Brazil's wage gap charts: manufacturing production line wages.
Equal pay for equal work? Manufacturing wage gaps between Brazil and USA
How does globalisation impact poor people? One way is through its effect on workers’ wages in developing countries, particularly in the context of multinational coorporation (MNC) operations. Looking at recent trends in manufacturing wages in Brazil, new analysis released by the Jus Semper Alliance now examines how market liberalisation influences the North-South wage gap.
MNCs profit from the low cost of labour in developing countries, which nonetheless allow them to maintain the quality of their products. While the developing country MNC workers may receive wages that are higher than the minimum wage, they are unlikely to be paid a living wage, one which allows them to fulfill their basic needs and which is in fact a human right.

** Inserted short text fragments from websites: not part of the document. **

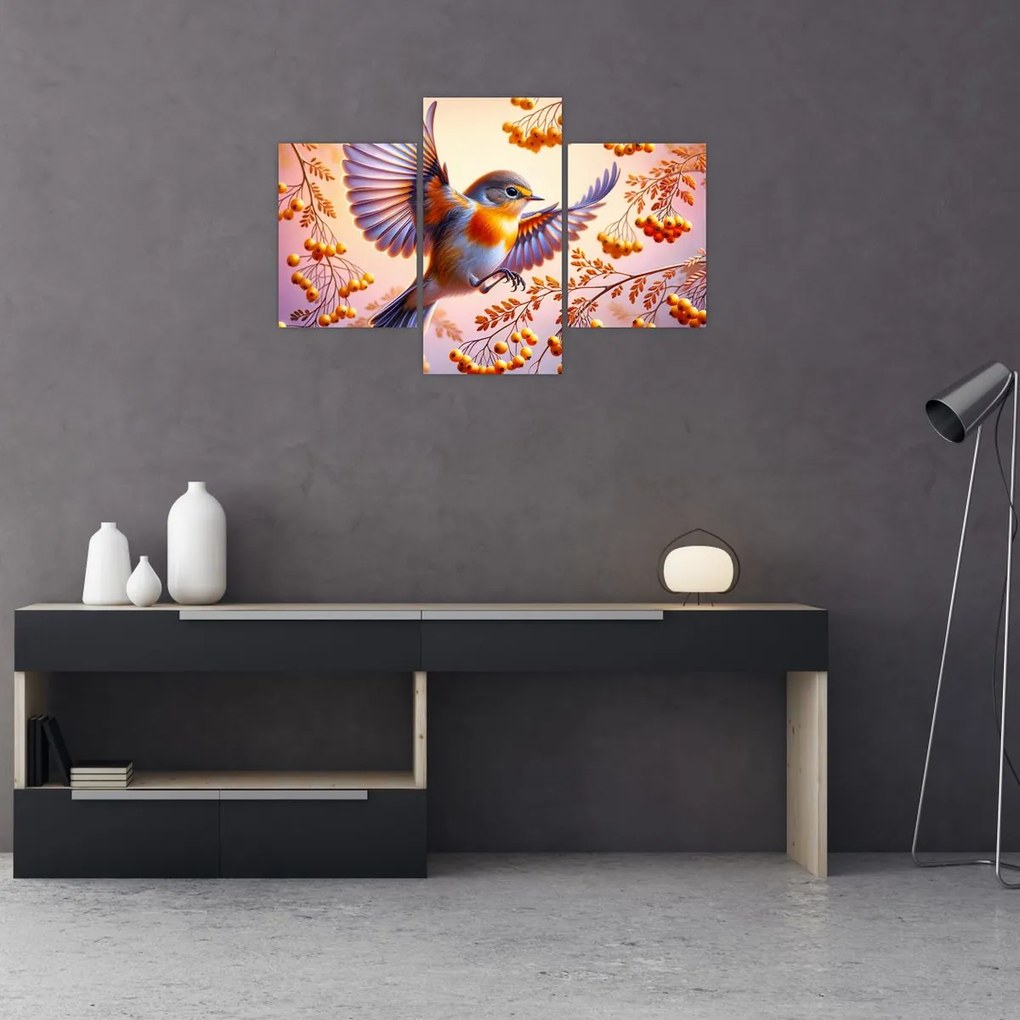 Tablou - Pasăre cu scoruș (90x60 cm)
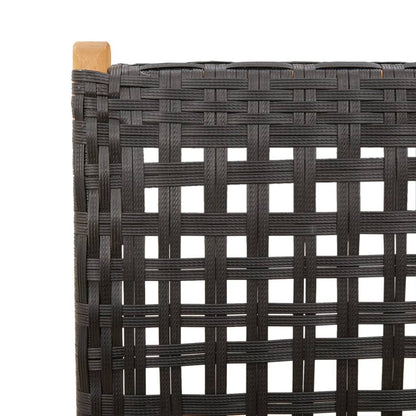 Sedie Giardino Reclinabili 8pz Nere Polyrattan e Legno Massello | homemem39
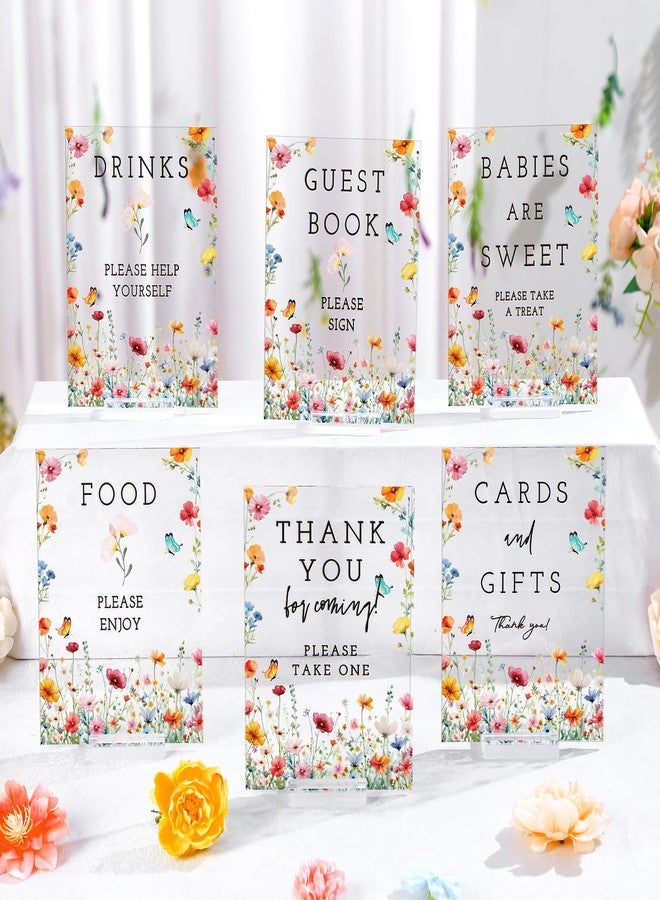 Vercraft Wildflowers Baby in Bloom Table Decorations Take One Sign Thank You Acrylic Sign Centerpieces with Stand 5 x 7" Wedding Birthday Party Decorations for Guests Gifts - Image 1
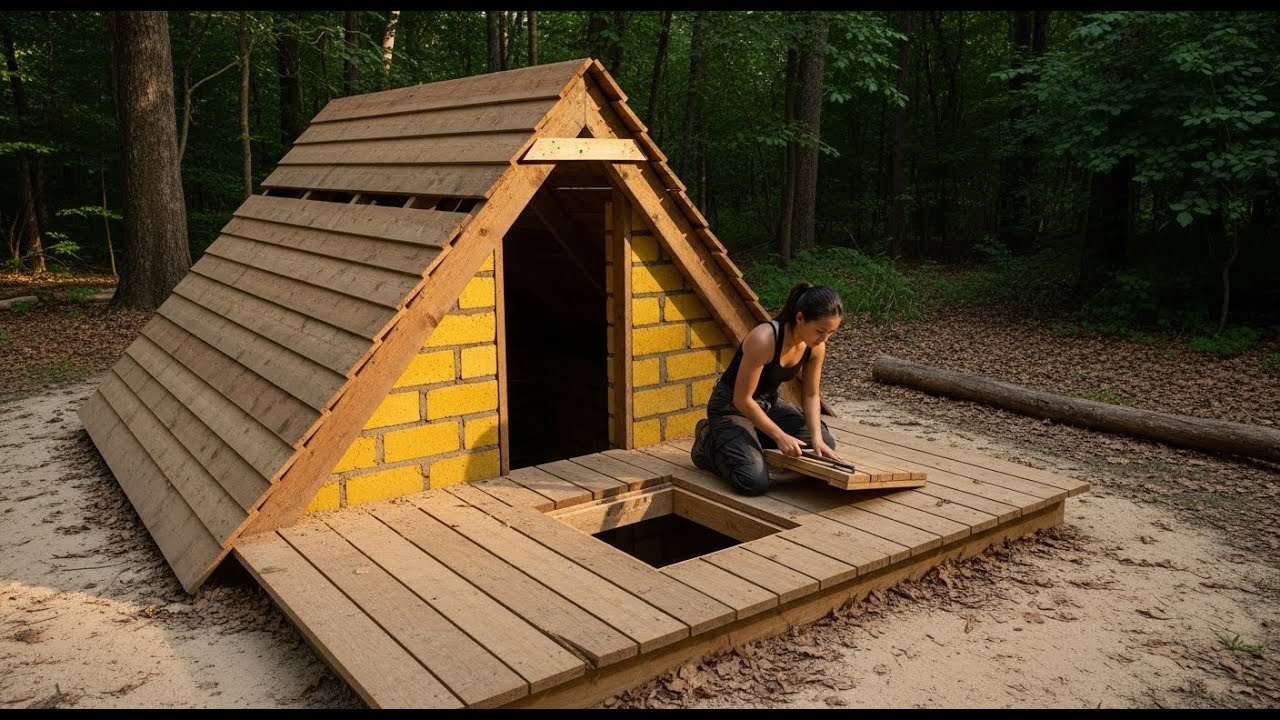 7 Days of Tunneling, Underground Survival Shelter – Brick by Brick in the Wild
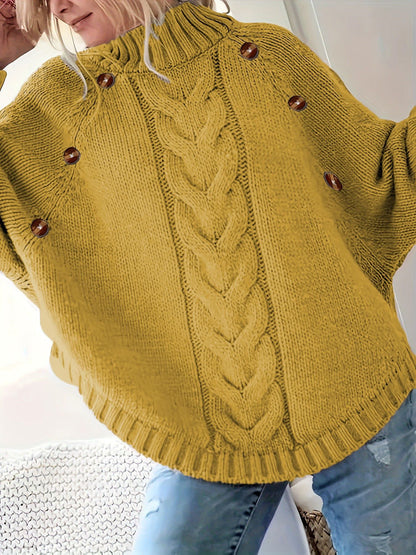 Damen Pullover Grobstrick Hochkragen Elegant
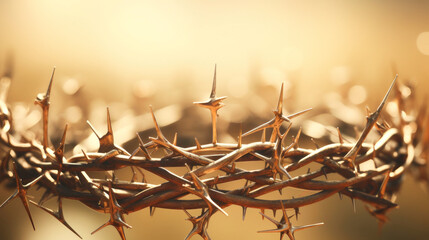 Good Friday, Passion of Jesus Christ. Crown of thorns. Christian holiday of Easter. Crucifixion, resurrection of Jesus Christ. Gospel, salvation. - obrazy, fototapety, plakaty
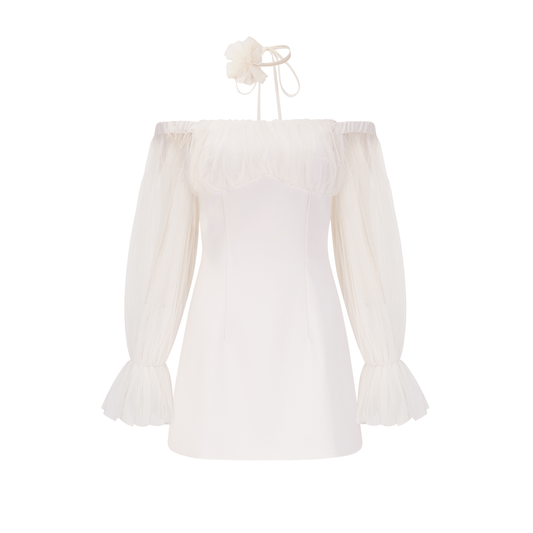 Genoveffa white flower strap mini dress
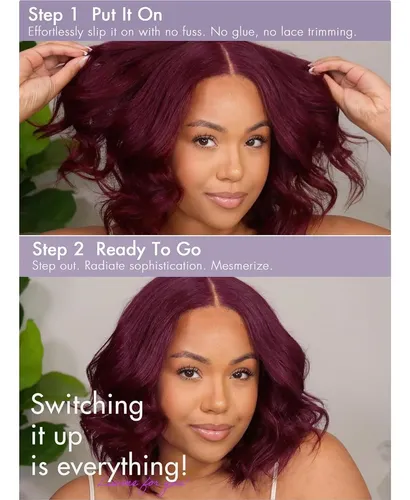 Peluca Humana Luvme 10 Burgundy 99j Hd Lace Closure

Meanwhile, MNC workers in developed countries performing the same or an equivalent job are paid significantly more than their Southern counterparts. As a result, the gap between wages in the North and the South is widening.
North-South wage analysis entails the application of a developing country’s Purchasing Power Parities (PPPs) to the real wages of a particular category of U.S. workers. This produces the equalised wage rate that a worker in the developing country should be earning in order to be at par in terms of purchasing power with the equivalent US worker. The North-South wage gap is measured by comparing the equalised wages with the actual wages of similar workers in the country in question.
Taking the case of production-line manufacturing wages in Brazil from 1996-2006, and comparing these with wages in Mexico, an economy of similar size, the report finds that:
- in 2006, manufacturing workers in Mexico and Brazil earned only 17% and 37%, respectively, of what equivalent workers in the US were earning
- while the hourly equalized manufacturing wage in Brazil increased by 5.6% between 1996 and 2006, a decrease in hourly manufacturing wages meant that the equalization level of Brazil’s manufacturing wage overall fell by 20%
- although nominal wages in Brazil increased by 18% in 2006, since Brazil’s PPP cost of living increased, as did equivalent nominal wages in the US, manufacturing wages in Brazil only increased by 2.5% in real terms
Not only are Brazil's manufacturing workers better-paid than their Mexican counterparts, there are also lessons to be learnt from the Mexican experience so far. In the context of the world financial crisis, the report concludes that Brazil must now shift from a supply- to a demand-side economic paradigm to more significantly reduce the wage gaps that currently prevail.